The Cayman Islands, our home, are renowned for their crystal clear waters, stunning beaches, and vibrant coral reefs. Of course, the absence of alpine features is self-evident for a tropical island, yet these ostensibly challenging aspects of Cayman’s climate and terrain did not hinder the establishment of the team I now represent: the Cayman Islands Confederation and Association of Snow Sports (CICASS). Unfortunately, I have been the object of frequent derision due to the peculiar nature of my ski team; few ski racing competitors suppress their initial feelings of unease towards a diversified pool of nations participating in our sport, and they often fail to realize that increased international diversity will enhance skiing’s worldwide appeal. Currently, one is considered an outsider, at worst a fraud, if he does not ski for one of the historically famous ski nations. However, this misguided prejudice is flawed, and after college I intend to continue challenging it by competing at the highest level for the Cayman Islands. A person’s athletic worth shouldn’t be decided by trivial elements such as nationality or ethnicity but rather by more pertinent factors, including athletic competence and commitment.
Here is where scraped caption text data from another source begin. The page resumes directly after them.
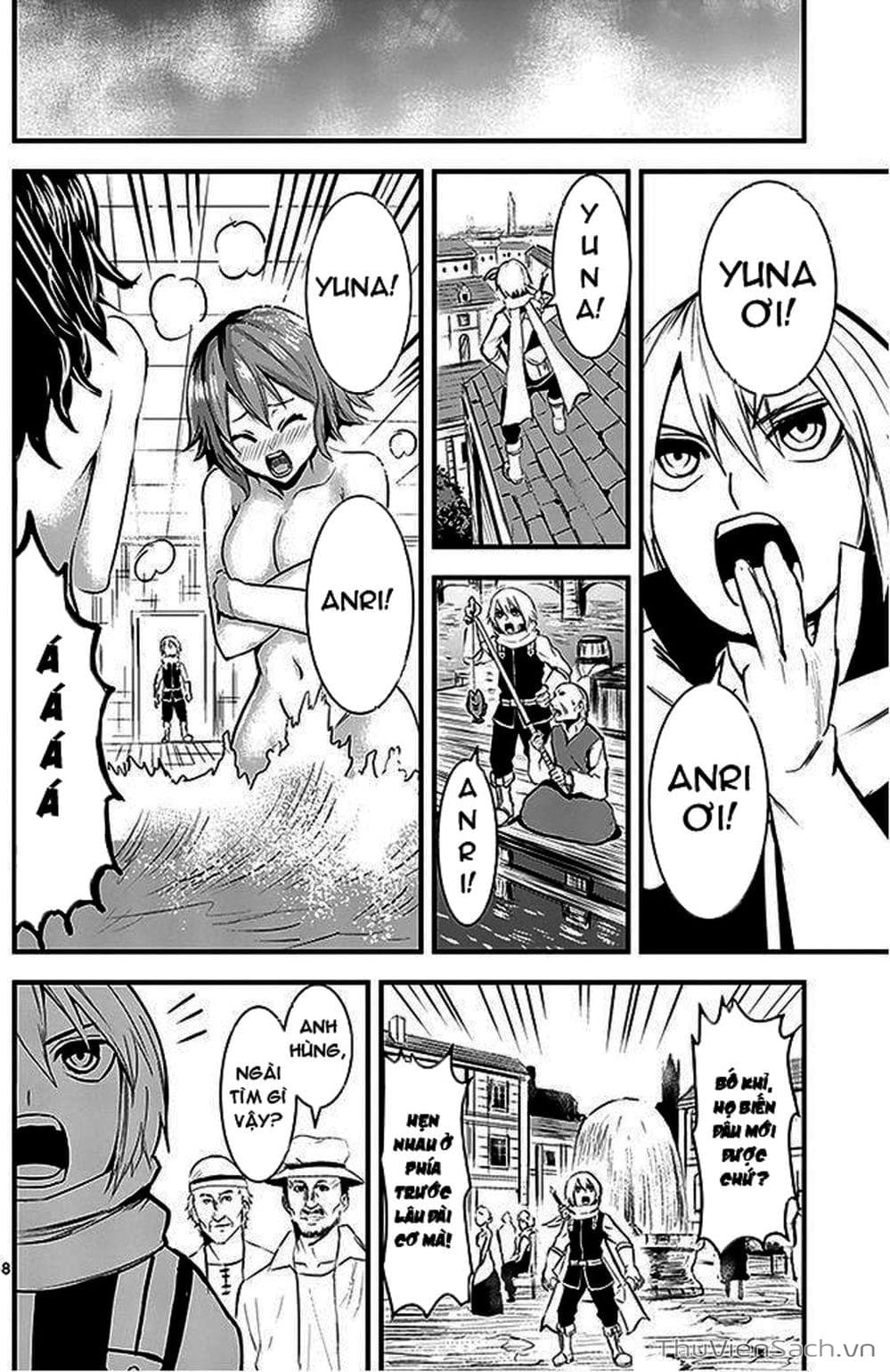 Truyện Tranh Anh Hùng Chết Yểu - Yuusha Ga Shinda trang 7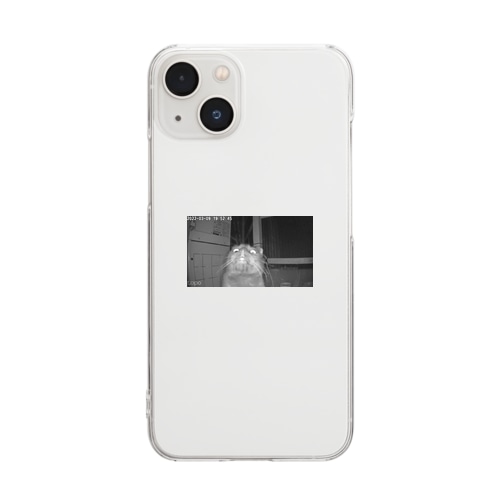 ねこ Clear Smartphone Case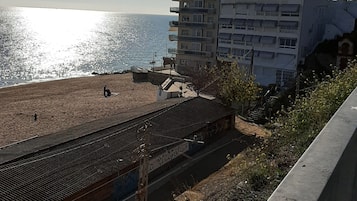 Accommodatie ligt op het strand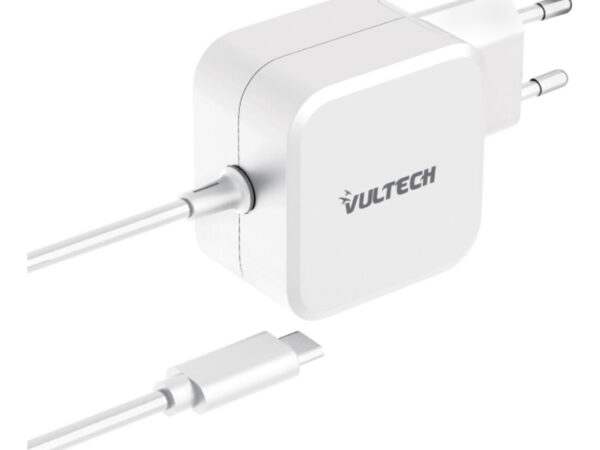 Vultech Alimentatore Universale TYPE-C 67W- Tecnologia GaN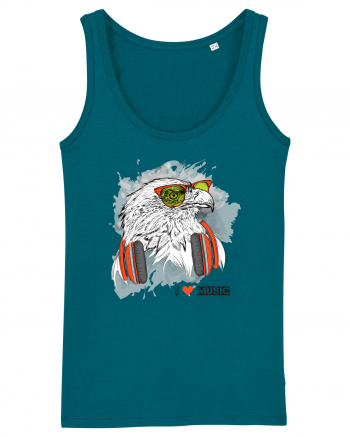 Eagle Headphones Hipster Ocean Depth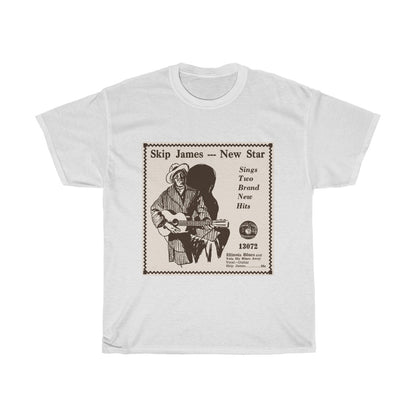 Skip James - Unisex Heavy Cotton Tee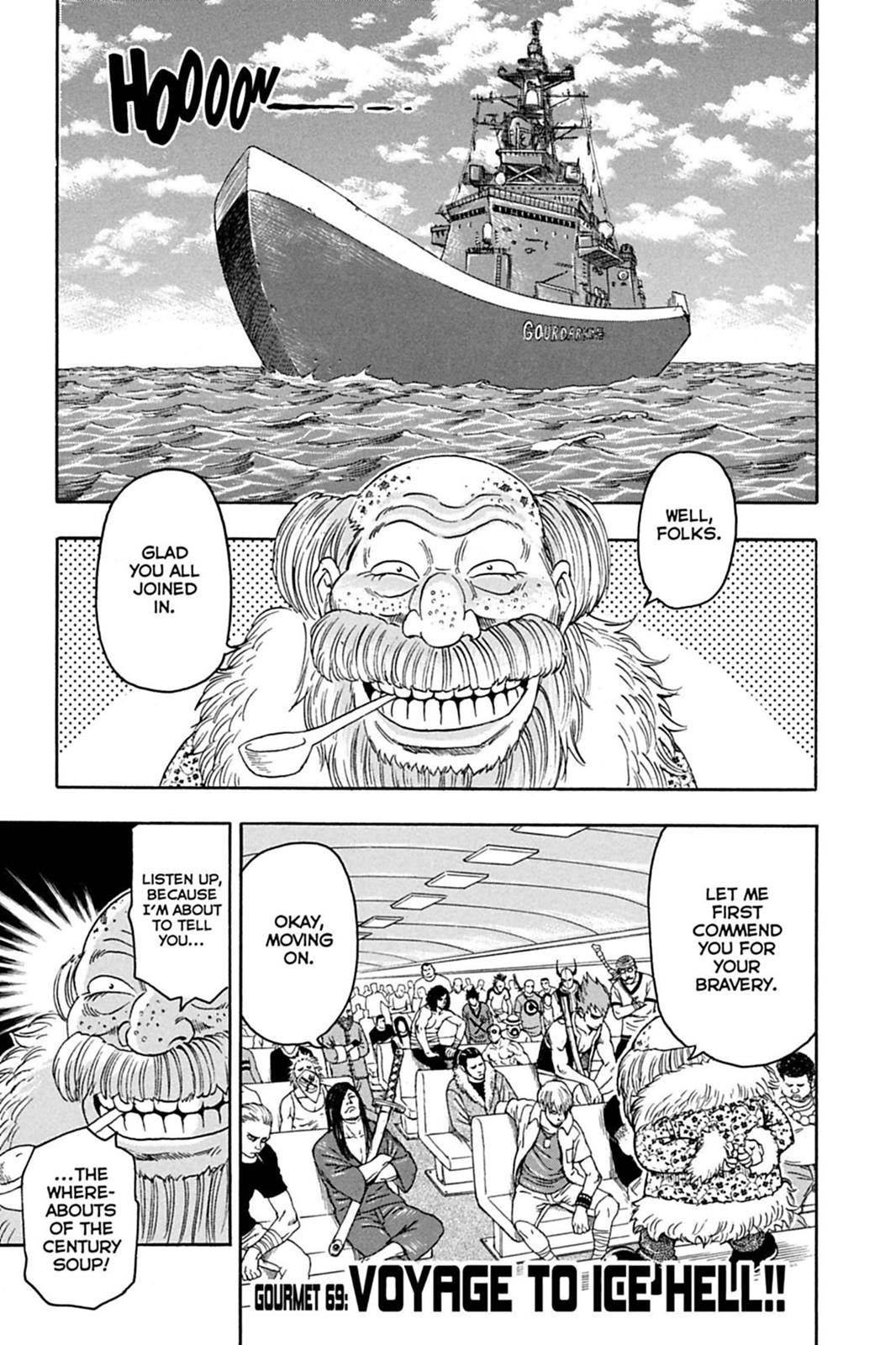 Read Toriko Manga Online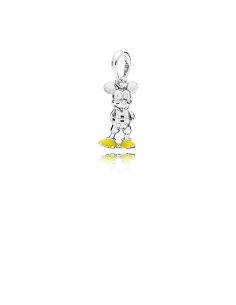Charm Colgante en plata de ley Mickey Clásico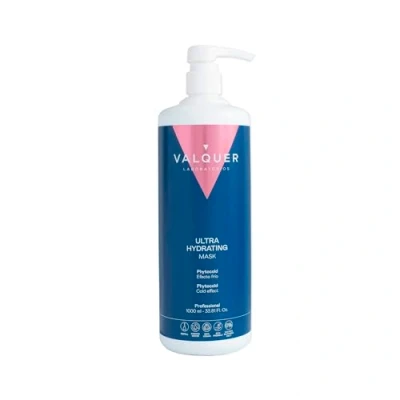 Image de Valquer Profesional Ice Masque Ultra hydratant pour Cheveux, 1000 ml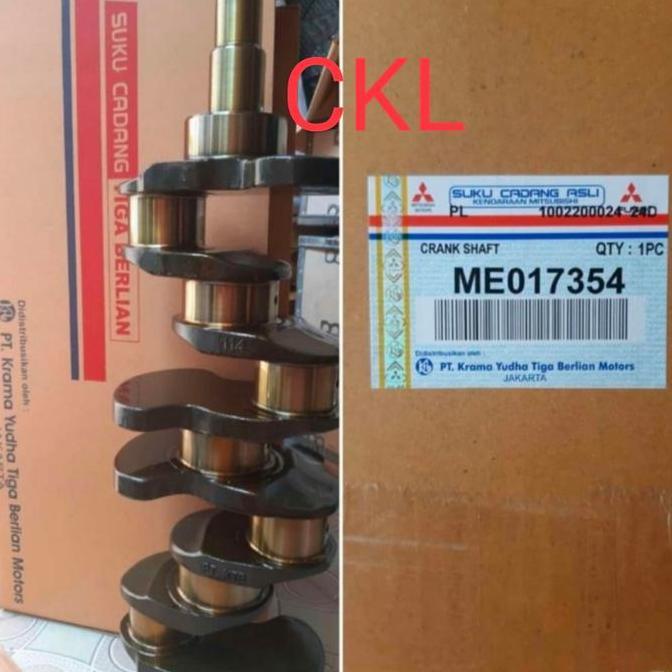 CRANKSHAFT/KRUK AS PS 125 CANTER ORIGINAL DAN TERPERCAYA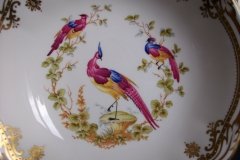 SPODE CHELSEA BIRD Y8555-   CEREAL BOWL ..... http://jaapiesfinechinastore.com
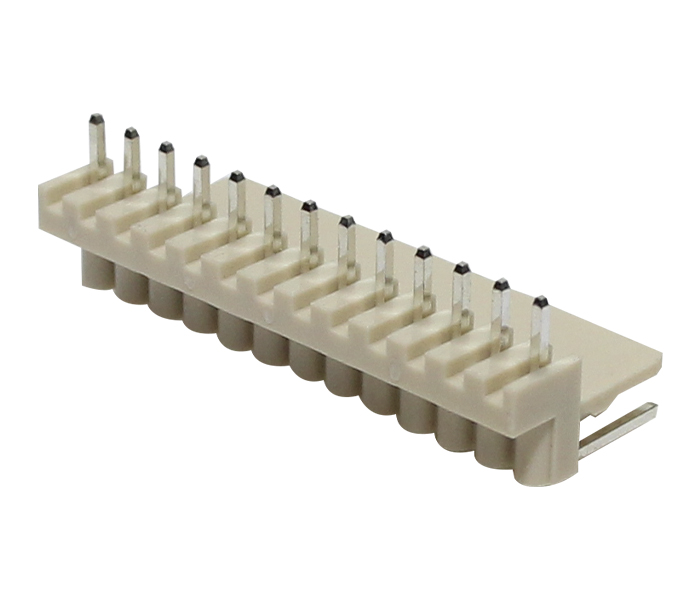Conector Placa-Cabo - Macho - 13 Vias - 90 Graus - Passo 2,50mm 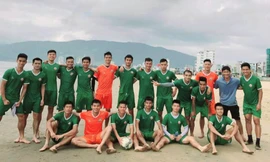 CLB bóng đá Hạng nhất Bình Định (ảnh FC Bình Định).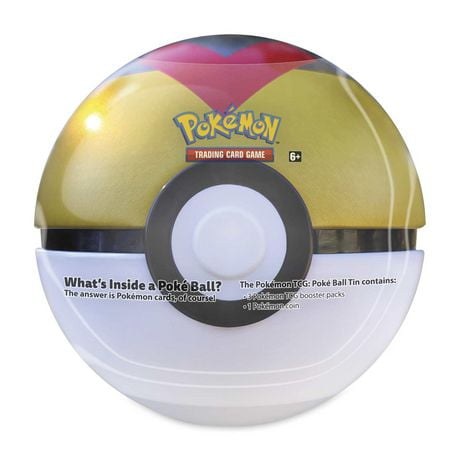 Pokémon TCG: Poké Ball Tin - Gold Level Ball | Walmart Canada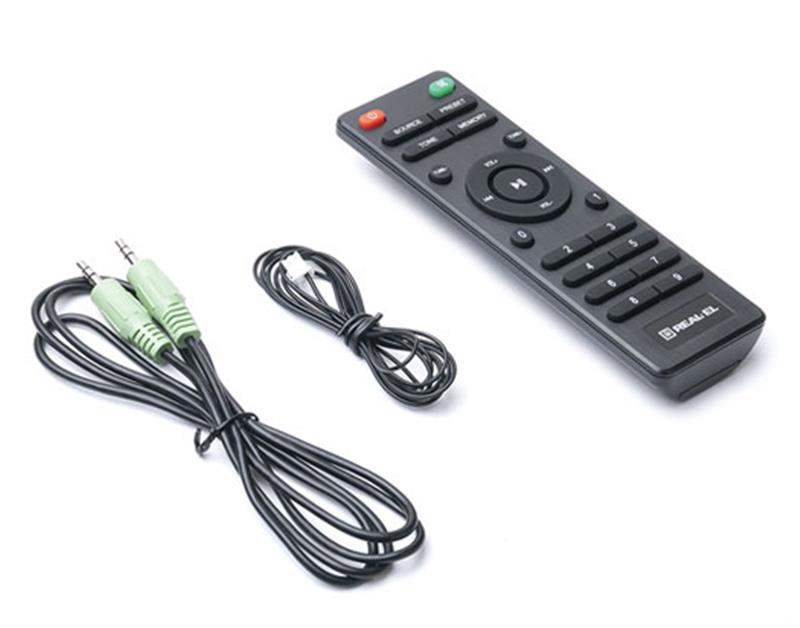 Акустическая система Real-EL M-590 black, фото №9 Акустическая система Real-EL M-590 black, фото №9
When I began competing for the Cayman Islands in 2008, I felt estranged from the skiing community I had previously participated in. To my dismay, I was forced to act independently, and resultantly I transformed into a target for the animosity of all but a few of my closest friends. I existed as a victim of the prevailing ignorance: The belief that a skier native to a tropical, or otherwise unusual, country must be talentless. Moreover, qualification for serious professional competitions is facilitated due to the lack of internal competition within small national teams, which meant jealousy was also evident. I became aware that the only way to validate my involvement with the Cayman team was to improve my technical ability. It was necessary to train assiduously, to learn new concepts fastidiously, and to never capitulate to athletic adversities. Little did my detractors know, I would use my emotional alienation as fuel to motivate my self- improvement.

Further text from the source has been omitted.